In subsequent emails, Crespo has informed me that currently, an exhibit titled simply, “Maria Blanchard,” running till February 25, 2013, at the Queen Sofia Museum in Madrid hopes to recover the artist from oblivion. In the article, “Reclaiming Maria Blanchard,” the curator of the exhibit, Maria Jose Salazar, notes that Blanchard has been treated very unfairly. For just one example, on one canvas, Blanchard’s signature was erased and replaced with that of “Juan Gris,” her dear friend, but NOT the person who made the painting. Both gender and her disability worked against her in her time and in the decades following. For 2012, the 80th anniversary of her death, many in Spain set about trying to give this brave, talented woman her due.
In addition to paintings, three letters have been discovered recently, which Crespo has written about for El Pais. But Crespo’s big contribution to Blanchard’s legacy is a one-hour documentary film about Blanchard, a clip of which can be viewed on YouTube, “26, Rue de Depart.” Crespo is looking at the investment of time and money it would take to make the film available in the U.S.—subtitling, copyright, and other issues and tasks—which may prove daunting while she works on the Blanchard book.
I think Americans would show much interest in the film about this fascinating woman and talented artist. When I posted about Blanchard last week on Facebook, my friend Maria Bonnett said she really enjoyed viewing the Blanchard images now available online. A midwife for many years, Bonnett also reminded me that the story of Maria’s mother’s fall from a horse was probably the sort of blame-the-mother tactic that was used for generations of children with congenital defects, and I am sorry to have repeated it. I do agree with an online poster who has suggested that the effect of Blanchard’s kyphosis on her work and reputation would be a rich area for disability studies.
Dartmouth University, as far as I know now, has the only Blanchard painting in the U.S. (I have tried to see it, but the painting hasn’t been available when I am, and vice versa.)

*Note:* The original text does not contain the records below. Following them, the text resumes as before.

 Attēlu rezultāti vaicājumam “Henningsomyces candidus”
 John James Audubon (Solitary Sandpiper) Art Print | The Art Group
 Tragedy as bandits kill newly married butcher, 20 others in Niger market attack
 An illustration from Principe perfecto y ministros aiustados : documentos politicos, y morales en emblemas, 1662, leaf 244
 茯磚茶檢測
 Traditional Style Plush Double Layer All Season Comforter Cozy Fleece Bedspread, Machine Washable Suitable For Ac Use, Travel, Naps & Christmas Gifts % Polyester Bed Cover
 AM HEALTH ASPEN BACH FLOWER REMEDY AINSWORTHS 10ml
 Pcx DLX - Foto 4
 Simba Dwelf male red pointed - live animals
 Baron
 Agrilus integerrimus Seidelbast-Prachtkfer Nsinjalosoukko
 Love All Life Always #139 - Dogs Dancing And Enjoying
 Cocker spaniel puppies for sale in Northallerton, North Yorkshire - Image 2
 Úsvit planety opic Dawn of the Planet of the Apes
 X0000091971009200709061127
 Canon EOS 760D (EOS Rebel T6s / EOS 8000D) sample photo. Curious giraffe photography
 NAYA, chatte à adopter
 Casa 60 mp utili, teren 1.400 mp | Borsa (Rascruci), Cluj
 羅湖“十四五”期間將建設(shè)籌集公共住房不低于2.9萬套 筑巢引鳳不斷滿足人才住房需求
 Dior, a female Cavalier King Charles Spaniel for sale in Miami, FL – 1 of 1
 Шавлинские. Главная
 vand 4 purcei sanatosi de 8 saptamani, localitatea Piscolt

Having written about Frida Kahlo for years, too, I find both women fascinating and admirable in the excellence they achieved despite debilitating pain and disability, but the more I come to know about Blanchard, the more I admire how she went it alone, and, as I have written elsewhere, how she did not become the maidservant to the famous male artists around her, as many of the women artists of the time did. That stubbornness may have cost her some fame in her time, so now we must see to her legacy in our time.